:: Stored data ::

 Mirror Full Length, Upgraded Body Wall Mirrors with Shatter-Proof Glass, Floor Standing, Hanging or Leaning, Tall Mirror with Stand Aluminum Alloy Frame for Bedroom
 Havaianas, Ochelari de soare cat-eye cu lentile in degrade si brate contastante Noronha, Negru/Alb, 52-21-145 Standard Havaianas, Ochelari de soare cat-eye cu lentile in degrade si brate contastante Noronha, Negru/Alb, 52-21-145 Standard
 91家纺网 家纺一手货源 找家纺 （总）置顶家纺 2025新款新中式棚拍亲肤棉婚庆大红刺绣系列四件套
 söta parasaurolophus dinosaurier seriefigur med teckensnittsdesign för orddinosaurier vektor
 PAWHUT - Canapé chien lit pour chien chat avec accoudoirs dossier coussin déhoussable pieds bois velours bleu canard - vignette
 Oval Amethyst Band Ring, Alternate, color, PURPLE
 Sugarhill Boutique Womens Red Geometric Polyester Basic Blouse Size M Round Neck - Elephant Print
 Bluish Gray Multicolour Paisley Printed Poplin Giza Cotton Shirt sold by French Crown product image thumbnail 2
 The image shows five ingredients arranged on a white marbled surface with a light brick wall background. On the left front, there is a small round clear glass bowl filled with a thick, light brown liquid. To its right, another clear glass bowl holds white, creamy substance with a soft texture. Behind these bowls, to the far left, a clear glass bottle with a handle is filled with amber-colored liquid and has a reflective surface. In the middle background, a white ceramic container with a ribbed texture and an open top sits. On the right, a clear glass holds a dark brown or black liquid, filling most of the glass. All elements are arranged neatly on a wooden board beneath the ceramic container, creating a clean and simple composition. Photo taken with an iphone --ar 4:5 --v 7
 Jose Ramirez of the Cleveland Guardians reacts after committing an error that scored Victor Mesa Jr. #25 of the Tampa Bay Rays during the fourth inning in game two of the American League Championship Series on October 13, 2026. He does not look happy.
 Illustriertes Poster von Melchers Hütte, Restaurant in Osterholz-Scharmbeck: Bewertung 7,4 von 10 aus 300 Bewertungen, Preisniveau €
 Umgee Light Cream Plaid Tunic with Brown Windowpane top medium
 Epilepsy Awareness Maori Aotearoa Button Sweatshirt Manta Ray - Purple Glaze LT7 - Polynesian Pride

:::

Work order: Look back at the entries above and repeat, unchanged, every line from the line holding "Sugarhill Boutique Womens" through the line holding "The image shows".

Solution to this problem:
 Sugarhill Boutique Womens Red Geometric Polyester Basic Blouse Size M Round Neck - Elephant Print
 Bluish Gray Multicolour Paisley Printed Poplin Giza Cotton Shirt sold by French Crown product image thumbnail 2
 The image shows five ingredients arranged on a white marbled surface with a light brick wall background. On the left front, there is a small round clear glass bowl filled with a thick, light brown liquid. To its right, another clear glass bowl holds white, creamy substance with a soft texture. Behind these bowls, to the far left, a clear glass bottle with a handle is filled with amber-colored liquid and has a reflective surface. In the middle background, a white ceramic container with a ribbed texture and an open top sits. On the right, a clear glass holds a dark brown or black liquid, filling most of the glass. All elements are arranged neatly on a wooden board beneath the ceramic container, creating a clean and simple composition. Photo taken with an iphone --ar 4:5 --v 7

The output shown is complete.